One of my boys was in third grade when a developmental doctor ushered us into her office and told us he had some unique learning challenges.
I felt the relief of finally having a diagnosis for the struggles that we were witnessing. It wasn’t all in my head. What we saw was real.
I worried for his future, because it would take extra work. Hard work. Learning and academics would look different for him than it does for most kids. He would need to be diligent and persistent. We would need to be patient and understanding.
I worried about schoolwork and special help.
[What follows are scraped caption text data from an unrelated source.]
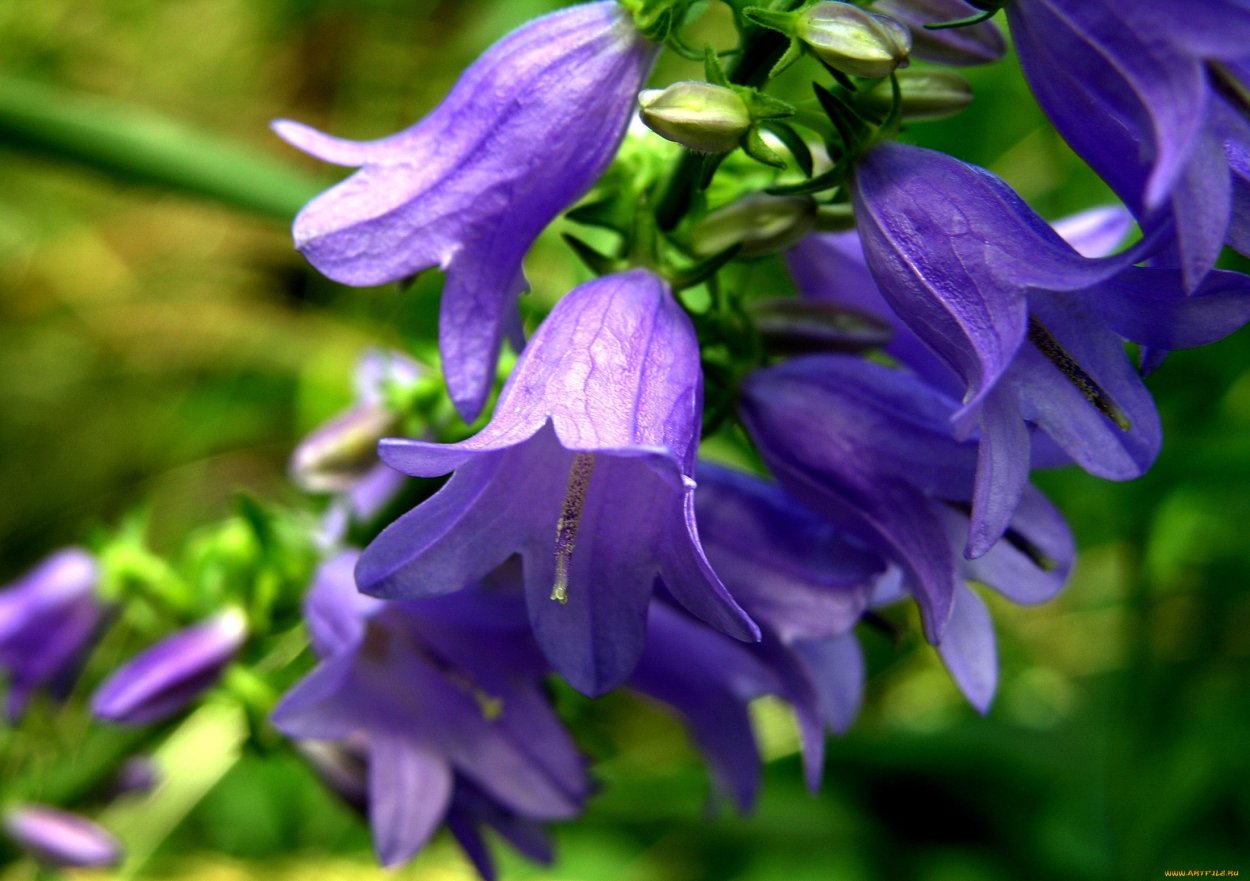Колокольчик Пржевальского
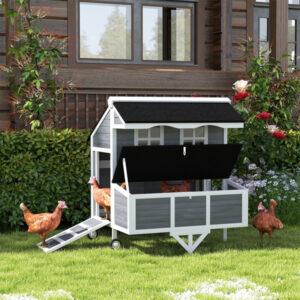 Chicken Coop - Secure & Weather-Resistant Outdoor Hen House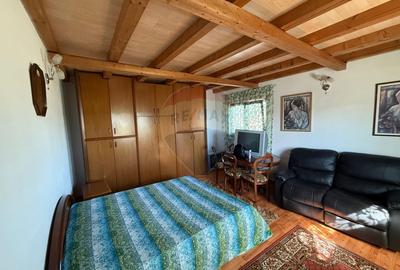 Casa Pielesti Teren 1624 mp - 9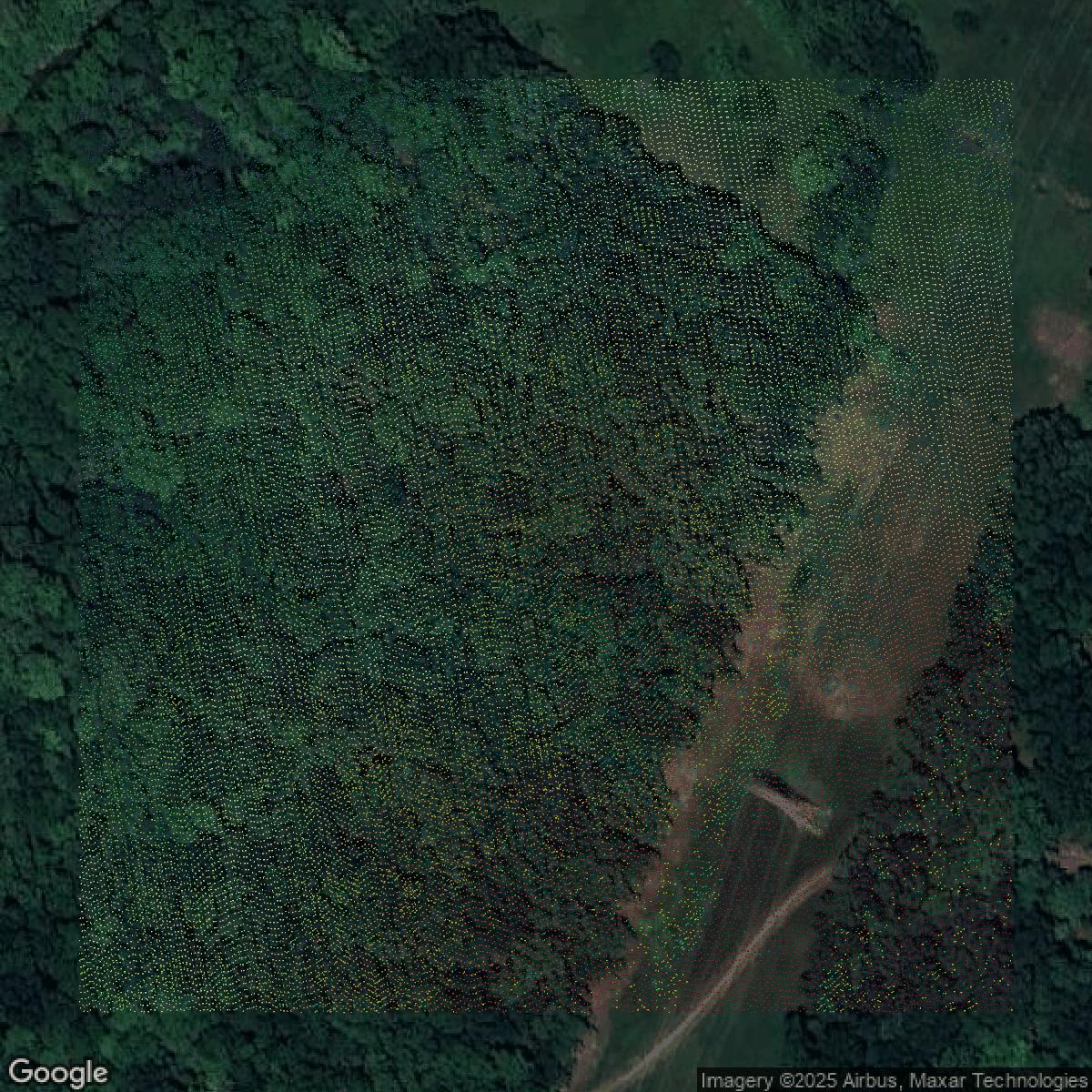 This image shows a LiDAR point cloud in Jefferson County created using GIS data in Equator.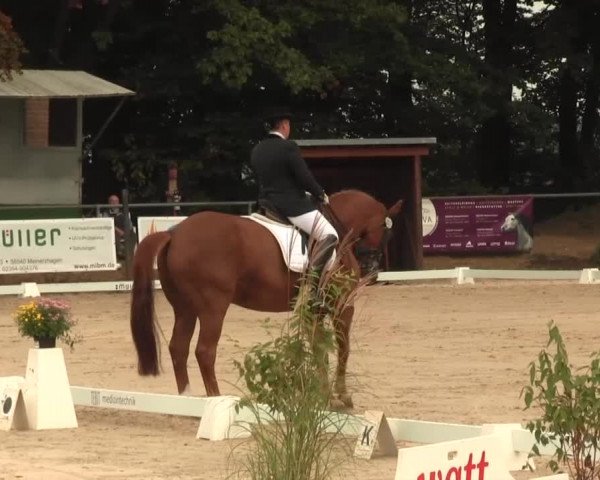 Reitturnier Meinerzhagen 2016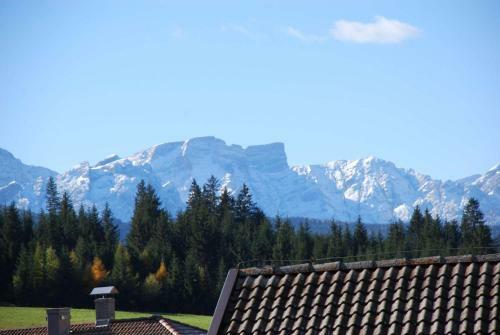 Apartamento Haus Kargruber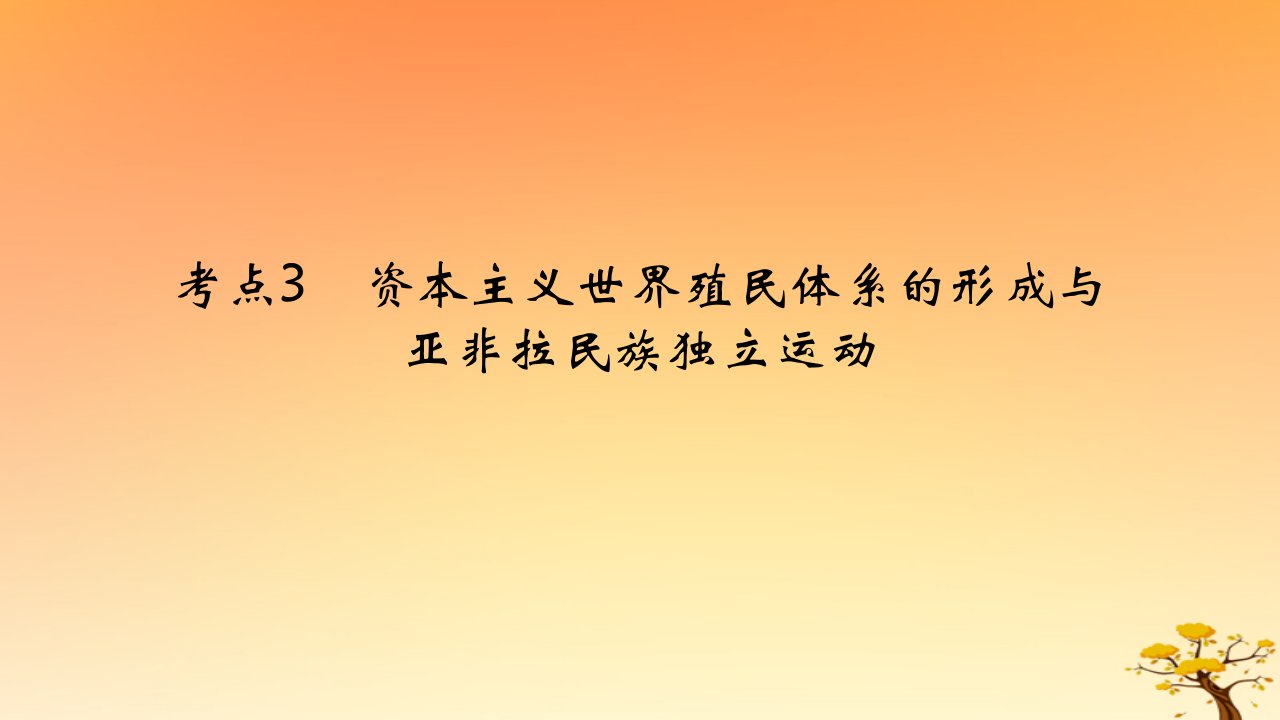 2025版高考历史一轮复习新题精练专题十工业革命与马克思主义的诞生及世界殖民体系的形成考点3资本主义世界殖民体系的形成与亚非拉民族独立运动能力提升课件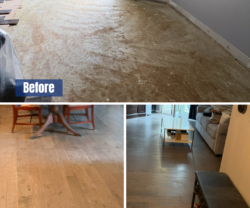  Project Spotlight: Water Damage Restoration in Silver Spring, MD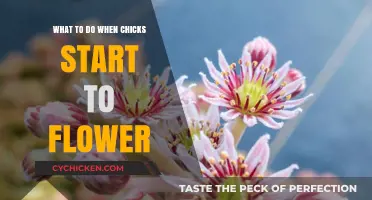Caring for Flowering Chicks: Essential Tips for Healthy Growth and Development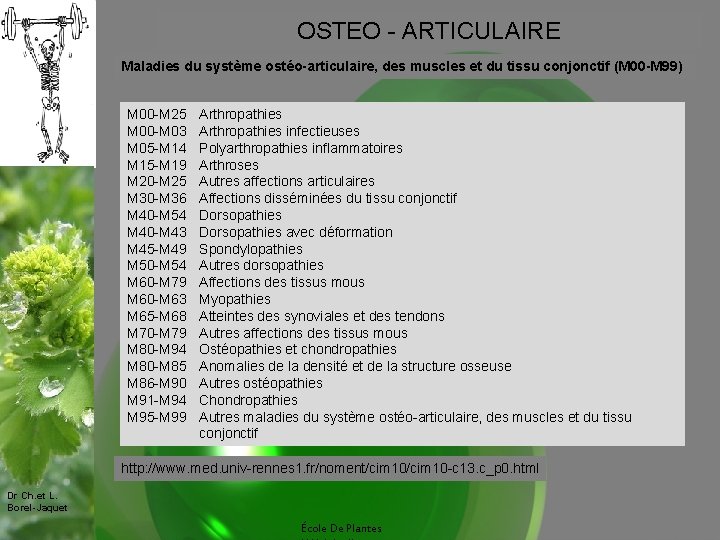 OSTEO - ARTICULAIRE Maladies du système ostéo-articulaire, des muscles et du tissu conjonctif (M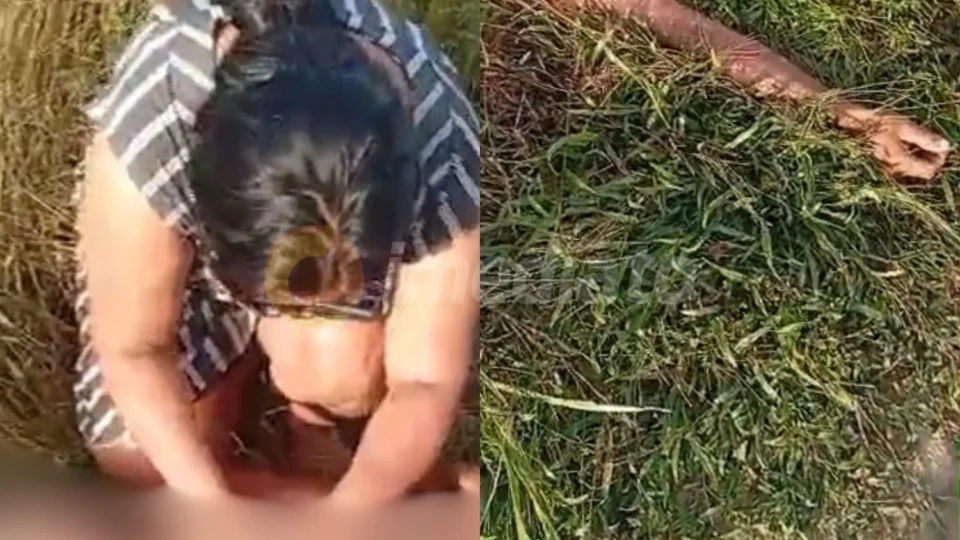 Vídeo forte: mãe chora sobre o corpo do filho após ele ser morto a pauladas pelo pai; jovem teria entrado em surto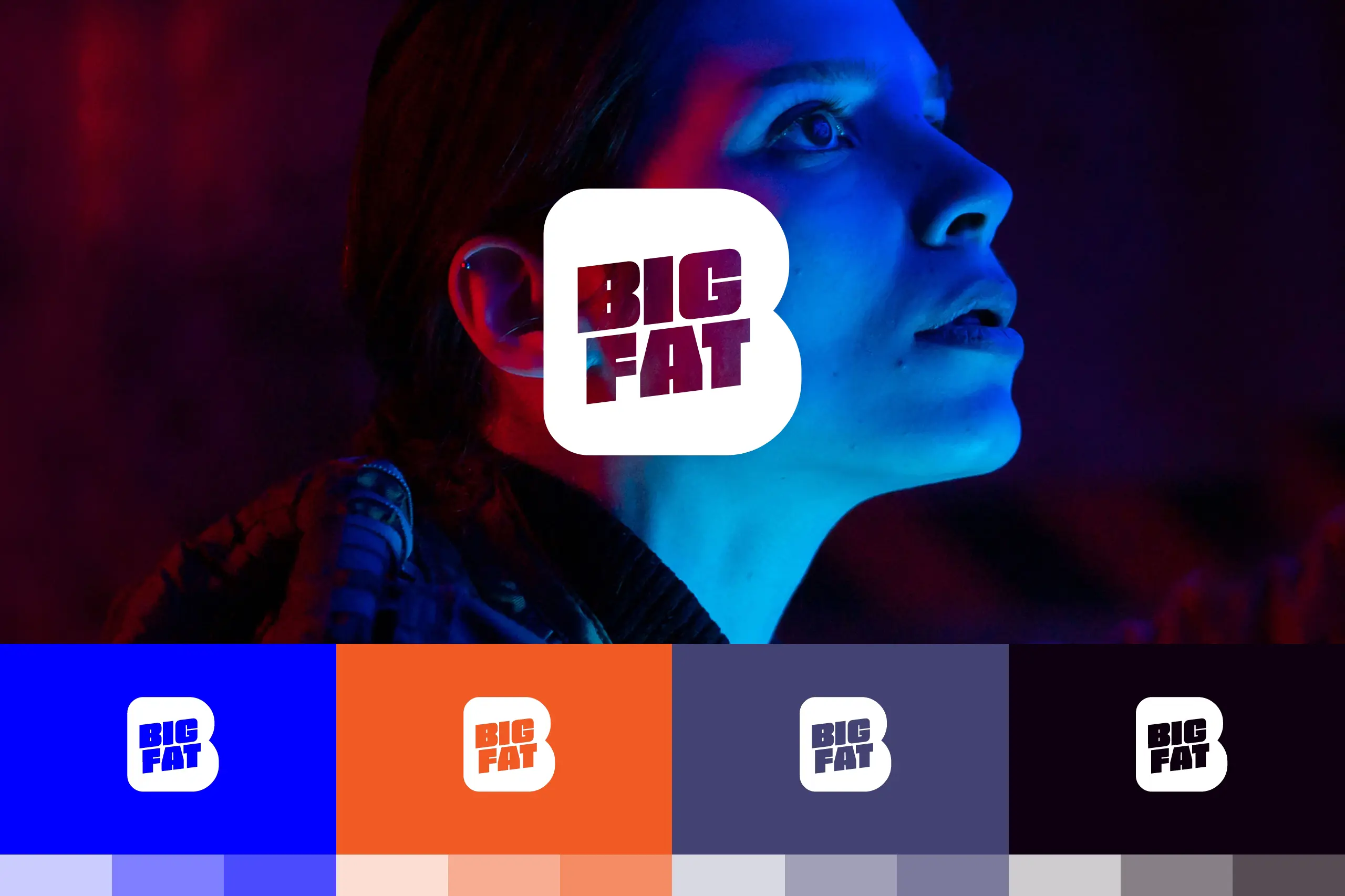 kleuren en logo van BIG FAT Internet door Coolbrand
I worried about being held back. I worried about his self-esteem. I worried about other kids treating him differently. I worried about what resources would be available to us. I worried about his future.
That’s what moms do — we worry.
He’s in seventh grade now, and he’s doing great, thanks to his efforts and some amazing teachers.
One question I’m often asked is how his dysgraphia struggles compares to kids with dyslexia, so let’s chat about it a bit today, shall we? 🙂 We’ll focus on dyslexia since it seems to raise the most questions.
Dyslexia is a learning disability that’s neurological in nature. It can vary in it’s severity, but you’ll tend to see difficulties in receptive and expressive language, including phonological processing in reading, writing, spelling, handwriting, and sometimes in arithmetic.
Simply put, it means a person with at least average intelligence has difficulty with reading and writing.
It can be overwhelming to find 40 to 50 different symptoms on ten different web sites. Soon you’ll wind up convinced that your child has dyslexia and twenty other disabilities.
Let’s take step back and focus on the most common signs that should encourage you to consider having your child tested.
7 Reasons to Suspect Dyslexia
The following signs are only a matter of concern if the signs are unexpected and do not match your child’s cognitive abilities or education level. For instance, if a child is on grade level in all subjects but is well below level in reading, than it is worth having the child tested with a professional.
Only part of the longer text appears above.